### [INFORMATION SUPPLIED]
+ + + +

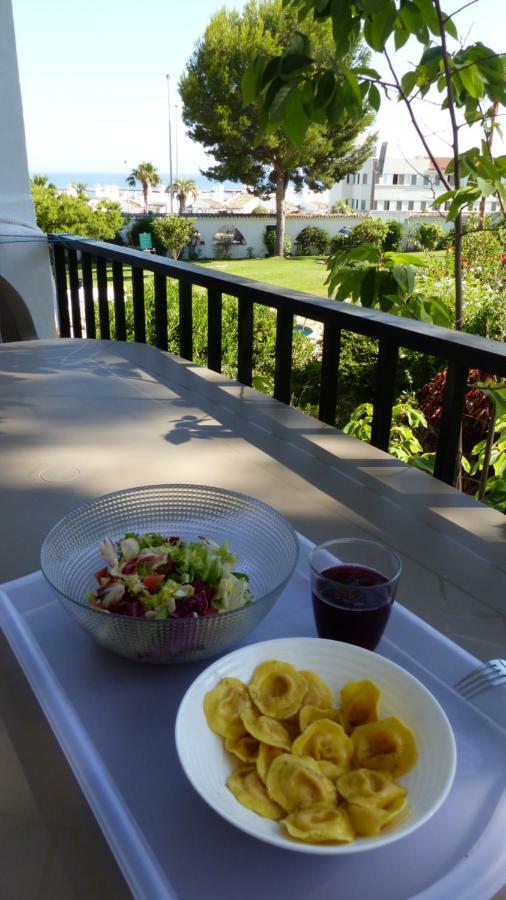 Apartment, 2 Bedrooms, On The Beach, With Pool, Sea Views And Garden -- Included, Parking & Wifi Benalmádena
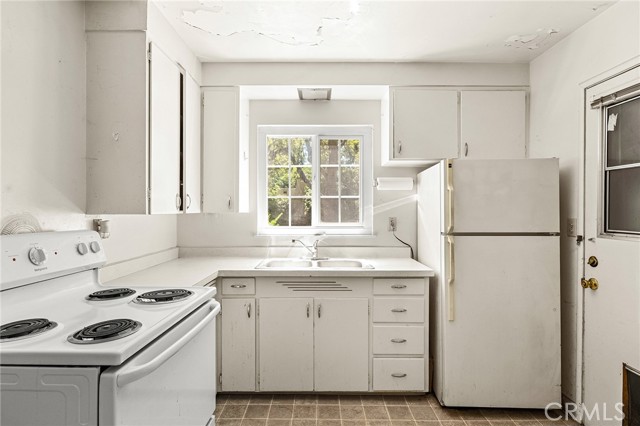 752 E 6th Street, Chico CA: https://media.crmls.org/medias/acd613ad-4155-488d-b06e-087c7d1ff3cd.jpg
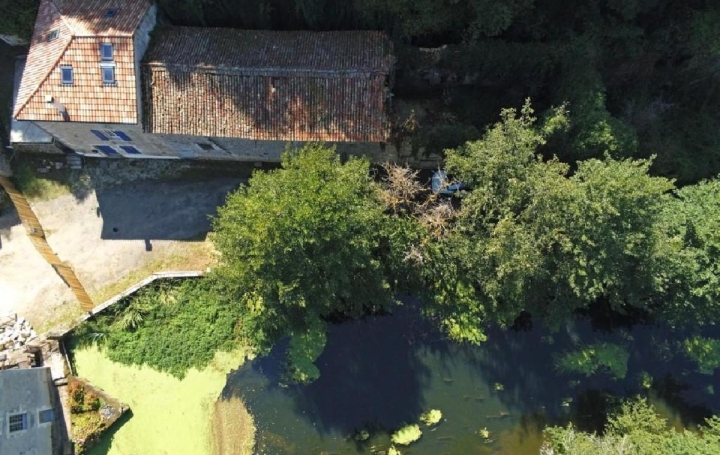 Maison CIVRAY (86400)  99 m2 117 645 €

+ + + +

### [TASK DETAILS]
Leaving out all pictures, retype exactly the lines that run from the one containing "752 E 6th Street, Chico" through the last line of the material.

### [SOLUTION TO THE PROBLEM]
 752 E 6th Street, Chico CA: https://media.crmls.org/medias/acd613ad-4155-488d-b06e-087c7d1ff3cd.jpg
 Maison CIVRAY (86400)  99 m2 117 645 €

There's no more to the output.